Dear Jeff: I am an 80-year-old, active, healthy retiree with a wife. I have approximately 60 percent of my portfolio in fixed assets and 40 percent in equities including growth, capital appreciation, income and small-cap. Fixed assets include Vanguard GNMA, Wellington, and Loomis Bond Fund. Would appreciate any comments on the above.
Jeff Says: What can I say about your portfolio? It really looks like you have done your homework. The 60 percent of your portfolio that is invested in debt instruments can generate a nice income to you from its dividends, while the remaining 40 percent in equities allows you to experience some growth. This will help to extend the period that your portfolio will last.
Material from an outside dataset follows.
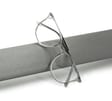 Plusy +1.25 szare okulary do czytania kwadratowe korekcyjne ST322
You also have further diversified your equities into several asset classes, which is fundamental to managing a portfolio using an asset allocation strategy. The only piece of the asset allocation pie that you are missing is international stocks. This type of investment, however, is subject to a little more volatility and risk, so I understand why you might not own any.
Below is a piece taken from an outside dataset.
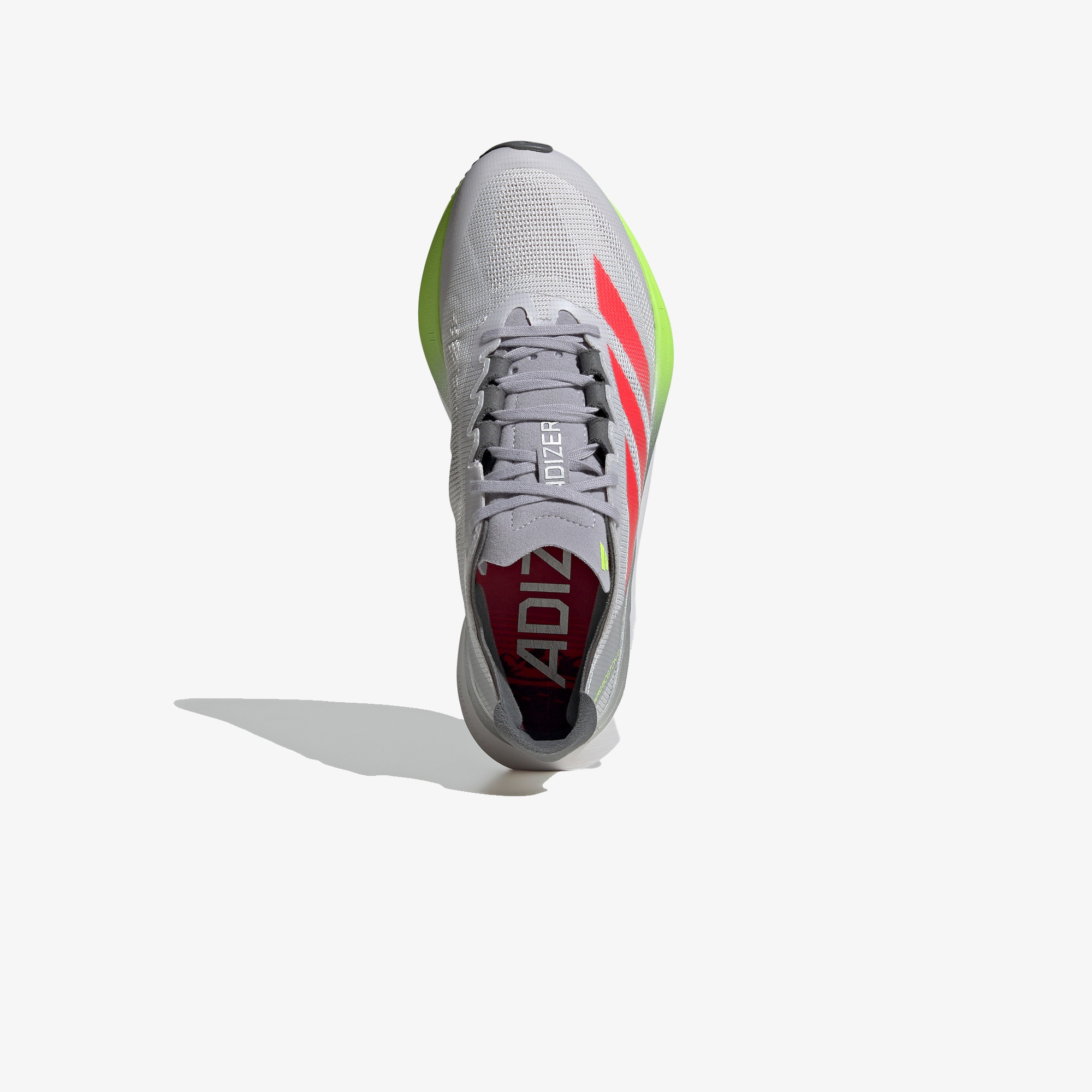 adidas Adizero Boston 12 Kadın Gri Koşu Ayakkabısı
Looking more specifically at the funds that you listed in your question, the Vanguard GNMA is an intermediate government securities fund and has a five-star rating from Morningstar, an independent rating company. It has also outperformed its category average over the last 10 years. The Loomis Bond fund is a long-term bond fund that was established only recently in January of 1997. In its short existence, it has slightly underperformed the long-term bond category average. You should watch this fund carefully as it owns a broad spectrum of differently rated bonds and has an average credit quality of BBB. This is the highest category of the "B" ratings, but falls below U.S. government and three levels of "A" rated bonds.
Finally, the Vanguard Wellington fund is considered a hybrid fund because it owns both stocks and bonds. It has certainly outperformed its category average, but it would be unfair to compare it to the S&P 500 because the bonds drag down the overall performance. One final word about this fund in your portfolio: You should review your annual report to analyze the stocks owned by the portfolio and compare them to the stocks owned by the other funds in your portfolio. All too often, fund owners believe they are properly diversified because they own more than one fund when, in fact, they own many of the same securities in their funds. Nevertheless, I think you should be congratulated for the overall design of your portfolio.